Para algunos como Juan, Victoria… es una estación triste
porque les recuerda la vuelta de las vacaciones que las pasaban en los pueblos
con sus abuelos, donde disfrutaban de más libertad… la vuelta significaba otra
vez la rutina del colegio donde los que han tenido la suerte de ir, se
reencontraban con los amigos, pero el madrugar, los deberes, el frío y algún
que otro profesor de gimnasia que les hacía dar vueltas a la Plaza del Pan o
les hacían ir a por agua era algo duro.
Para aquellos que no tuvieron la suerte de ir al cole era
una estación dura: ayudar a los padres en el trabajo en el campo, cuidando animales
desde bien pequeños, como ayudantes en talleres de confección, en el negocio
familiar… la falta de medios. Algunas como Nieves y Juana prefieren recordar
cuando hace poco podían hacer viajes en septiembre con el grupo de mayores,
ahora por problemas físicos se ven un poco limitadas.

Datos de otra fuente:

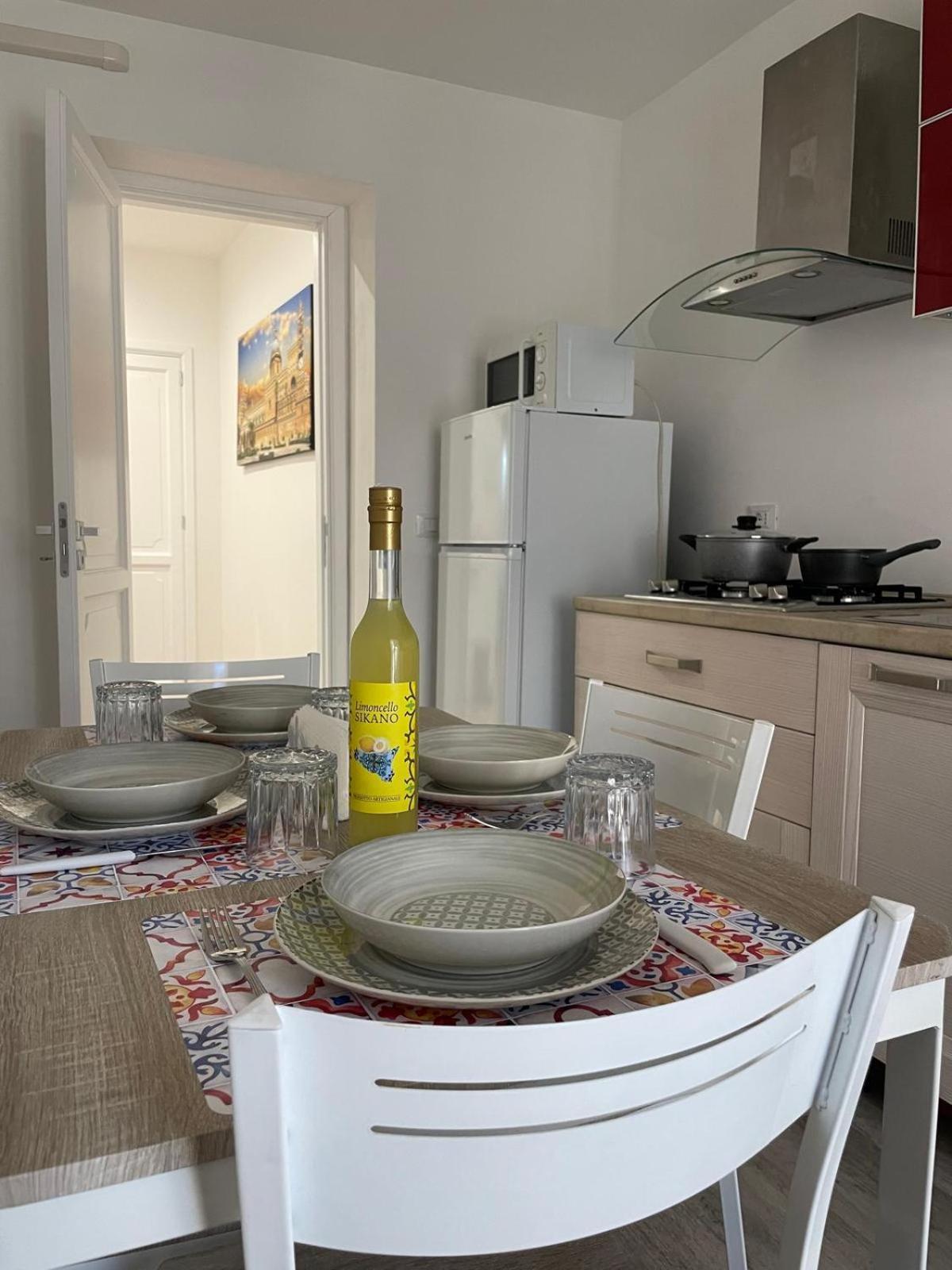 Maque Apartments باليرمو المظهر الخارجي الصورة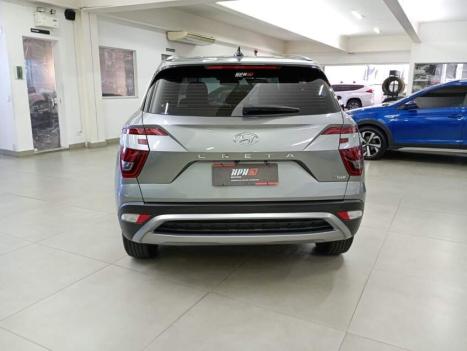 HYUNDAI Creta 1.0 12V 4P FLEX TGDI TURBO LIMITED AUTOMTICO, Foto 4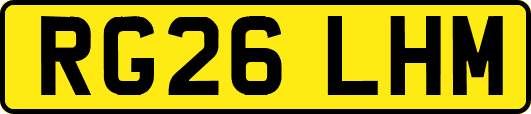 RG26LHM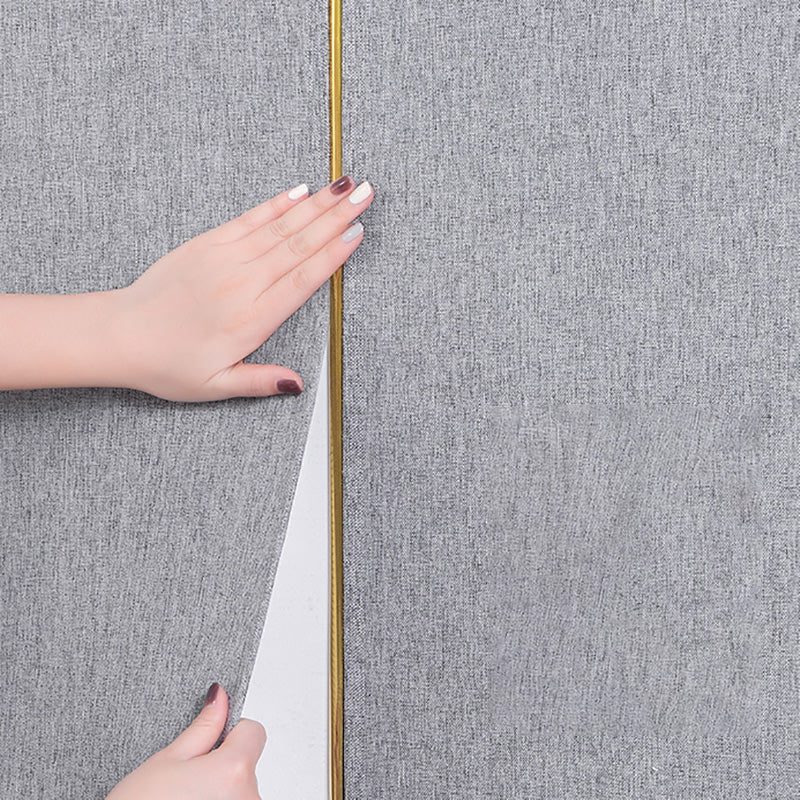 Modern Wall Paneling Easy Peel and Stick Wall Ceiling for Living Room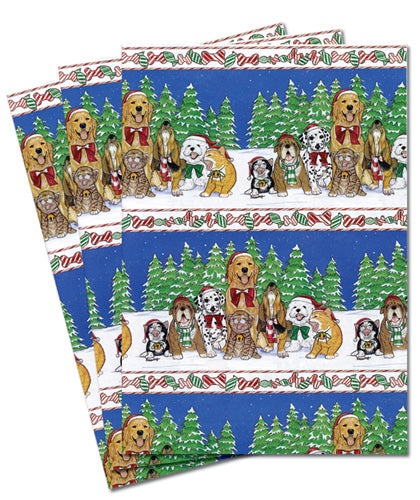 Holiday Gift Wrap - Pipsqueakproductions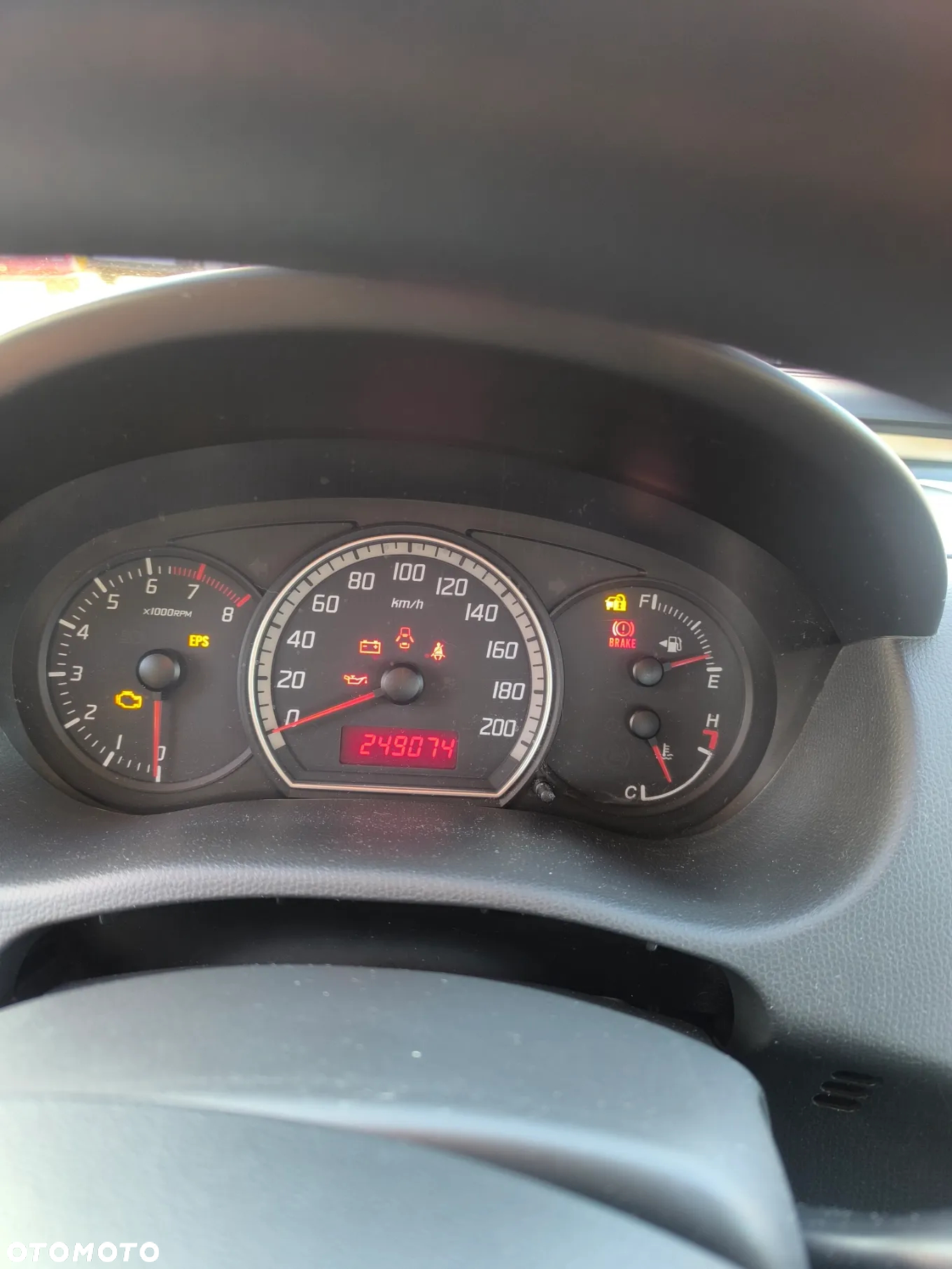 Suzuki Swift 1.3 Club - 5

Todos recuerdan esta estación con más lluvia que ahora y más
frío me imagino que también por la falta de medios de muchos de ellos. Tenían
que estar pendientes por si sus casas se inundaban y en el caso de hacerlo
tener un plan de salida.
En el terreno culinario todos recuerdan recoger castañas en
el Piélago por ejemplo o bellotas. Los puestos de castañas en Talavera, con las
mujeres metidas en cajones para protegerse del frío y un cucurucho costaba 1
perra gorda.
Los dulces típicos de los santos “puches”y el Turrón de pobre hecho con higos y con nueces o cualquier fruto seco parecido.
En los pueblos era típico El Calvote: asar castañas en el
campo o el día de la comadre donde preparaban tortillas y también las comían en
el campo. Aurora también nos contó como en su Burgos natal con la hierba
todavía seca del campo hacían hogueras en las calles y las saltaban.